=== DATA EXTRACTS ===

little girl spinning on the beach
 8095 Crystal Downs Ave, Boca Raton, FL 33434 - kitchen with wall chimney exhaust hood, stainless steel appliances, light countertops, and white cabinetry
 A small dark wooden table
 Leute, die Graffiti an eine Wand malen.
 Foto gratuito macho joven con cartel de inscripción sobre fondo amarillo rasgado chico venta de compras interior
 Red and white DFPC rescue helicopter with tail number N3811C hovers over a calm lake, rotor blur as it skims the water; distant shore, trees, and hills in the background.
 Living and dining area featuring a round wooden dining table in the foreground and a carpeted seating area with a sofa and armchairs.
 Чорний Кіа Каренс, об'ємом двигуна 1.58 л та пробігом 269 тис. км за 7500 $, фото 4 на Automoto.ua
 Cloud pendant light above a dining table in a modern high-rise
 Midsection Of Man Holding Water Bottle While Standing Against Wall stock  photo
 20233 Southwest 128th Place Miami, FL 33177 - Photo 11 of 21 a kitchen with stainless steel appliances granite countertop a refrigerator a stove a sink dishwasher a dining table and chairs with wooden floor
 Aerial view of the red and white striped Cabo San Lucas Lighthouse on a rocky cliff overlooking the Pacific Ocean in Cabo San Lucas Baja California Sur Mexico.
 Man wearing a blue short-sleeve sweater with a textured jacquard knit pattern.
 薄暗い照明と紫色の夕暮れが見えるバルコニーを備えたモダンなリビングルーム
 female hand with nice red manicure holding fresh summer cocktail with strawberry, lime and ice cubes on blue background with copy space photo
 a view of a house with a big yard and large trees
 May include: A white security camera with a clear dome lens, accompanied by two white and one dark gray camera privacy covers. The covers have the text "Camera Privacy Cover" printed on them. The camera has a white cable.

===

Everything from the first line of the records above to the line containing "Midsection Of Man", inclusive, should be repeated exactly; leave out the rest.

- RESPONSE TO THE TASK
little girl spinning on the beach
 8095 Crystal Downs Ave, Boca Raton, FL 33434 - kitchen with wall chimney exhaust hood, stainless steel appliances, light countertops, and white cabinetry
 A small dark wooden table
 Leute, die Graffiti an eine Wand malen.
 Foto gratuito macho joven con cartel de inscripción sobre fondo amarillo rasgado chico venta de compras interior
 Red and white DFPC rescue helicopter with tail number N3811C hovers over a calm lake, rotor blur as it skims the water; distant shore, trees, and hills in the background.
 Living and dining area featuring a round wooden dining table in the foreground and a carpeted seating area with a sofa and armchairs.
 Чорний Кіа Каренс, об'ємом двигуна 1.58 л та пробігом 269 тис. км за 7500 $, фото 4 на Automoto.ua
 Cloud pendant light above a dining table in a modern high-rise
 Midsection Of Man Holding Water Bottle While Standing Against Wall stock  photo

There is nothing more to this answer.